Fatigue injury of bone is most frequently encountered in the cortical bone in the lower extremities, particularly in the second and third metatarsal necks, the middle and distal shaft of the tibia, and the femoral neck adjacent to the lesser trochanter near the junction of the shaft and the femoral calcar (Fig 24). The role of muscle activity in generating compressive, shear, and torque forces on bone has been emphasized in previous descriptions of fatigue fractures, suggesting that an imbalance between bone strength and muscle strength contributes to the development of such injuries (123). Fatigue injury in cortical bone initially takes the form of microcracks at the bone surface. These can be identified histologically and with techniques such as high-resolution microcomputed tomography (121), but they are not visible with routine imaging methods until they are extensive enough to incite a periosteal response. As the injury progresses, longitudinal deflection of microcracks results in intracortical resorption cavities of variable size and orientation, producing radiolucent regions and, ultimately, reactive marrow edema as the damage approaches the medullary space (119).
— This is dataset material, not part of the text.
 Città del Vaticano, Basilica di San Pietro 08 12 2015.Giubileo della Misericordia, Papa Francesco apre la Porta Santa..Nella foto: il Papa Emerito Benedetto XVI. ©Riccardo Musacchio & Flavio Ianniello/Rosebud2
Progression of stress injury results in extension of these intracortical microfractures to the endosteal cortex and, ultimately, to the development of a transversely oriented frank fracture line that enters the medullary space.

Figure 24a:

(a) Anteroposterior radiograph and (b) coronal intermediate-weighted (3100/35) fat-suppressed MR image in a runner with left hip pain demonstrate a fatigue fracture of the femoral neck (arrow) located on the medial (compressive) side of the femoral neck.

Figure 24b:

(a) Anteroposterior radiograph and (b) coronal intermediate-weighted (3100/35) fat-suppressed MR image in a runner with left hip pain demonstrate a fatigue fracture of the femoral neck (arrow) located on the medial (compressive) side of the femoral neck.

Summary

In conclusion, knowledge of the macroscopic and microscopic anatomy, as well as the basic biomechanics, of bone and cartilage provides the foundation for a better understanding of the manner in which this tissue responds to altered mechanical forces and sheds light on the imaging appearances associated with both acute and repetitive injury.

Essentials

• ■ The composition of bone matrix can be divided into two types of organization: cortical bone and trabecular bone; these two fractions exhibit considerable differences in their anatomy and biomechanical properties.

• ■ Traumatic insult to bone and cartilage can take the form of a single excessive high-impact force or repetitive below-trauma threshold loads, either of which can cause overload of the tissue resulting in damage.

• ■ The normal biomechanical properties and patterns of failure of cartilage and bone relate to their anatomy and tissue organization, which can be understood at several length scales.